Exercise directions>
The entries below are to be transcribed in full, without their images.

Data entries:
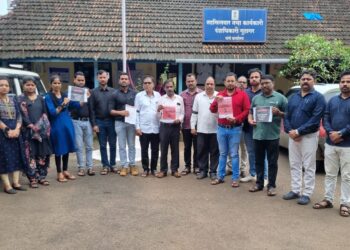 Protest in Talathi Santosh Pawar murder case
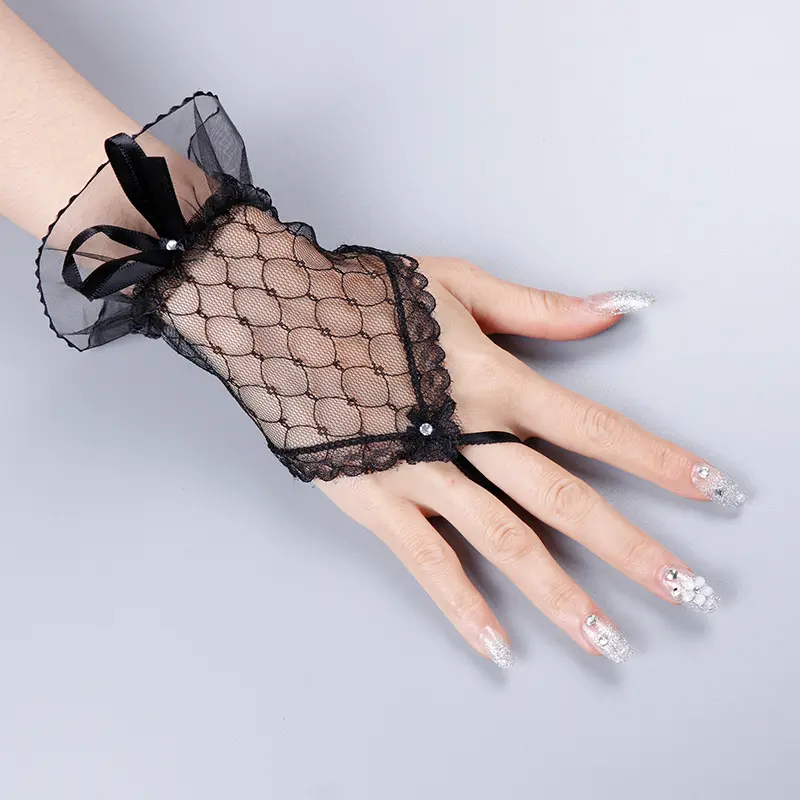Lady's lace fingerless gloves Lady's lace fingerless gloves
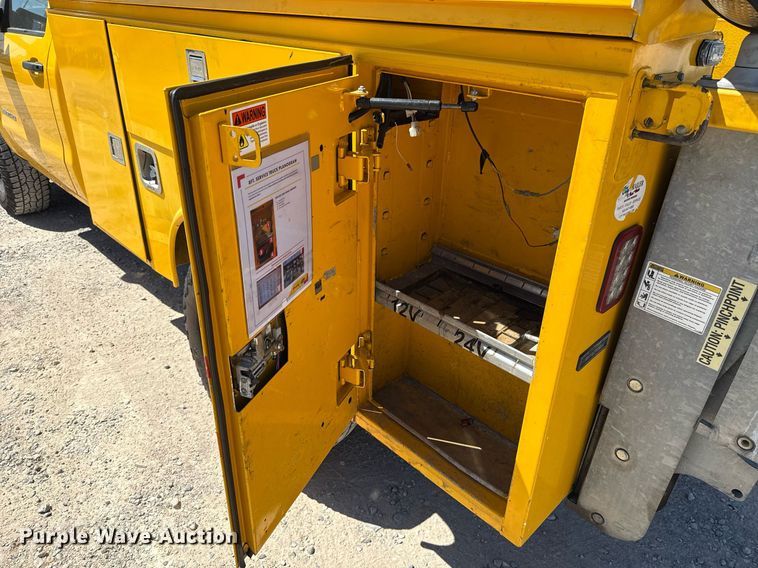 image for item EJ4526 2018 Chevrolet Silverado 3500HD utility bed pickup truck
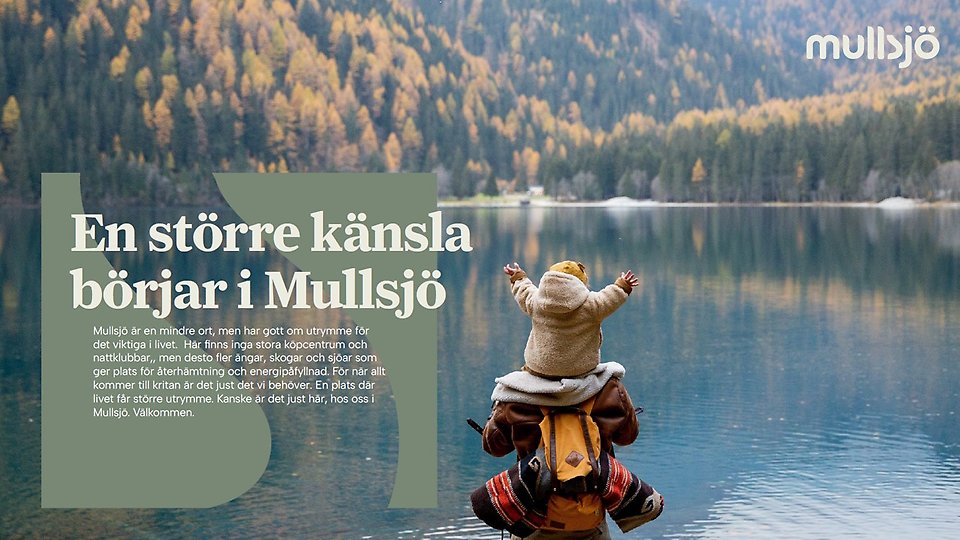 Ett barn sitter på sin förälders axlar och tittar ut över en sjö. På bilden syns budskapet "En större känsla börjar i Mullsjö"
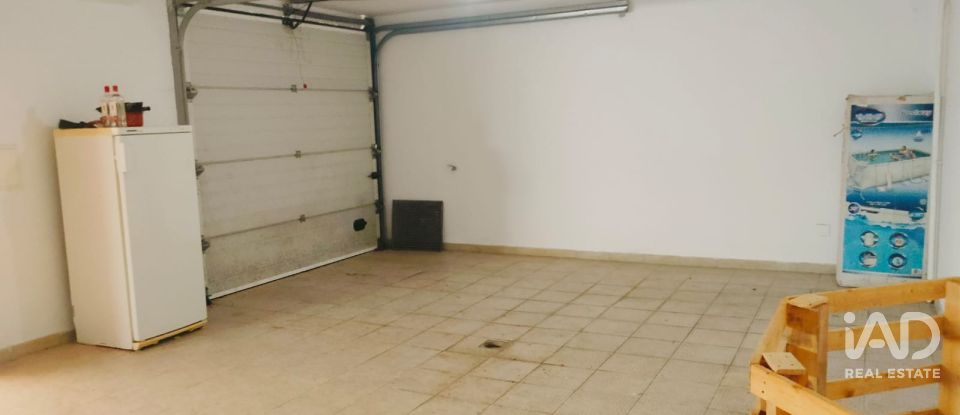 Maison T4 à Serra d'El-Rei de 183 m²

Answer to this problem>
 Protest in Talathi Santosh Pawar murder case
Lady's lace fingerless gloves Lady's lace fingerless gloves
 image for item EJ4526 2018 Chevrolet Silverado 3500HD utility bed pickup truck
 Ett barn sitter på sin förälders axlar och tittar ut över en sjö. På bilden syns budskapet "En större känsla börjar i Mullsjö"
 Maison T4 à Serra d'El-Rei de 183 m²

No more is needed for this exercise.